1. Field of the Invention
The present invention relates to voltage regulation circuits and methods, an in particular, to DC-to-DC voltage conversion circuits and methods.
2. Related Art
In switching mode power supply systems, current limiting has two main purposes. The first is to protect circuit components from electrical overstress, and the second is to keep the system operating temperature within a specified range. Accordingly, if the current limiting is not accurate, over sized components and/or heat sinks are required to handle additional power dissipation. Alternatively, the power rating of the power supply must be limited.
However, operating temperature is not related so much to the peak output current as it is to the root mean square (RMS) current, which, in most designs, approximates the average current. In any event, regardless of the average current produced, the power devices (e.g., the switching transistors and output inductor) need to operate in the defined safe operating area (SOA). Accordingly, instantaneous current sensing methods, such as peak or valley current sensing, are generally used.

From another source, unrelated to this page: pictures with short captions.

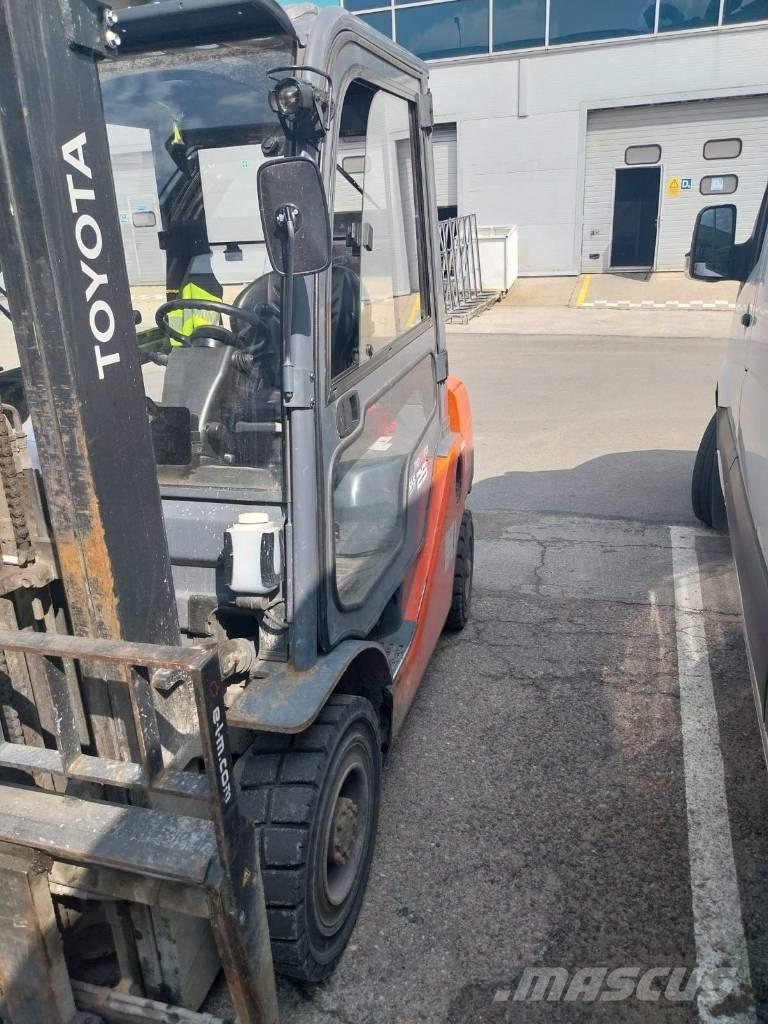 Toyota 02-8FDF25 شاحنات الديزل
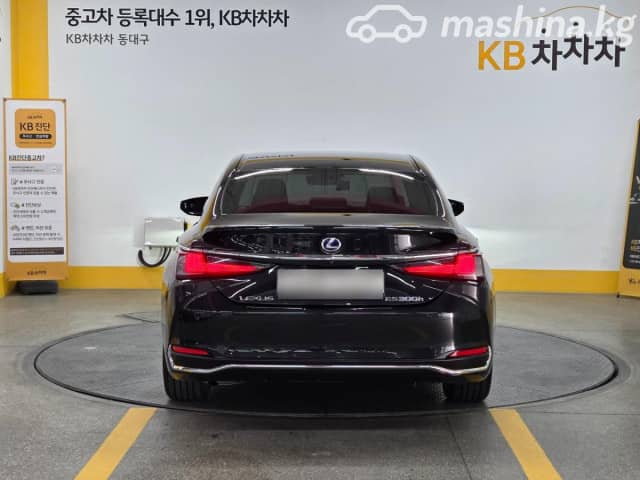 Lexus ES VII 300h 2.5hyb CVT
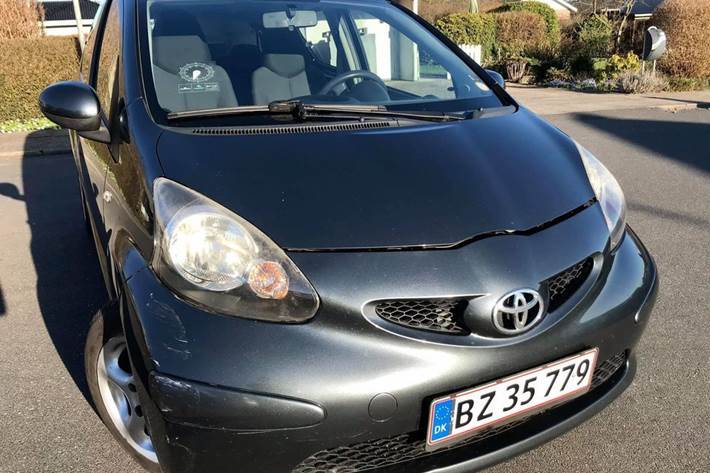 Grå Toyota Aygo fra 2007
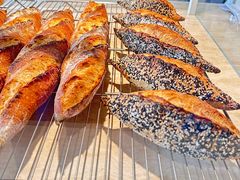 -VERIE BAKEHOUSE
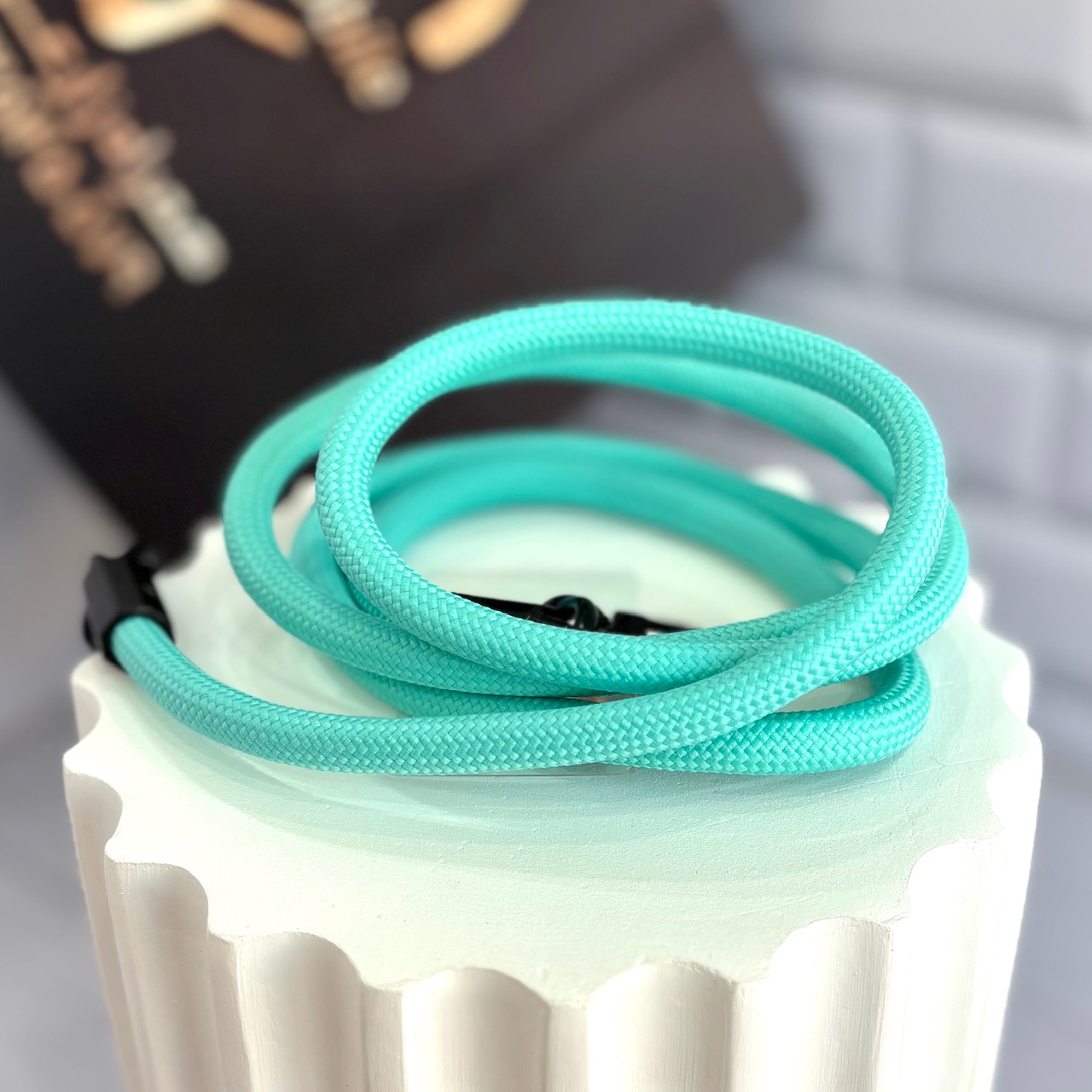 بند گردنی موبایل با طراحی گرد سبزآبی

Unfortunately, the relationship between peak or valley current and the average current is not constant. Ripple variation affects the accuracy of using conventional average current sensing techniques to limit the output current. Factors affecting the ripple include input voltage, output voltage, filter inductance and switching frequency. Input voltage and switching frequency variations are often a requirement and offering higher tolerances may provide a competitive advantage. Therefore, there is incentive to allow output current ripple to vary by more than 50%, thereby often requiring an overdesigned system, including more expensive switching transistors.
Accordingly, there is a need for a current limiting technique that delivers better accuracy by reducing sensitivity to the voltages and the circuit elements and parameters affecting ripple, while maintaining instantaneous SOA protection.